Название: A Kiss To Remember
Автор: Miranda Lee
Издательство: HarperCollins
Жанр: Современные любовные романы
isbn:
isbn:
Bud took after their mother, who was small and dark, with black wavy hair, chocolate-brown eyes and an inclination to put on weight easily. Angie, however, was a female version of their father—tall and athletically slim, with auburn hair and widely spaced green eyes.
Their natures were different as well. Bud was easily bored, and craved excitement and companionship all the time. Angie was far more placid and private. She was quite happy with her own company, liking nothing better than to go riding by herself, or to curl up all alone on her bed to write poetry or read a book. She liked to think rather than talk. Bud could talk underwater, like their mother.
A cloud of dust in the distance had Angie jumping to her feet, her hand hooding her eyes from the sunlight as she peered down the hill. A car was coming along the valley road, going as fast as her heart was suddenly beating.
It was Bud and his friend. She was sure of it.
Somewhere at the back of her mind Angie knew she was acting totally out of character, getting excited over a member of the opposite sex. Especially one she hadn’t met yet.
She was not boy-mad, as were most other girls in her class. Her classmates actually thought her shy.
She let them think it.
Angie knew that she wasn’t really shy. Just reserved. She liked her personal space and hated being harassed in any way. Unwanted male attention sometimes embarrassed and always annoyed her.

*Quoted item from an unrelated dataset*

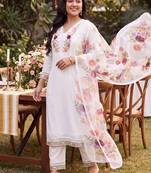 women floral embroidered regular beads and stones kurta with trousers & with dupatta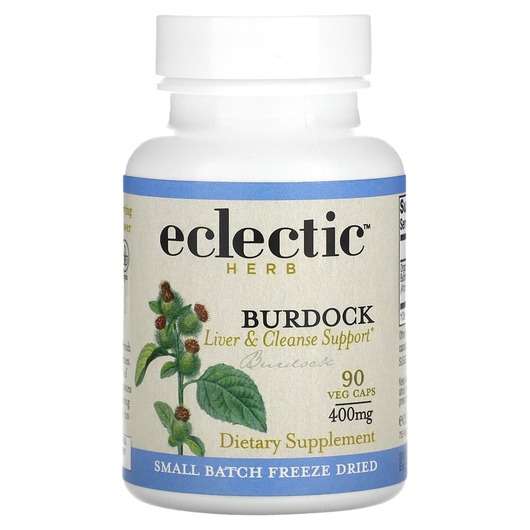 Основное фото товара Eclectic Herb, Корень лопуха 500 мг, Burdock Raw 500 mg, 90 ка...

Frankly, she found most boys at school exceedingly adolescent, noisy and irritating. She’d actually been relieved by her father’s edict a couple of years back that she could not have a boyfriend till she was sixteen. It was the perfect excuse for her to turn down the invitations she received from her overeager admirers.
And there were many. For Angie was a very attractive girl. In the past few months some people had started using the word ‘beautiful’.
Yet she never made any attempt to enhance her looks or look older, as some girls might have. She never used make-up, always wore her long straight hair up in a simple ponytail, and was happiest wearing jeans or shorts, plus one of her father’s shirts.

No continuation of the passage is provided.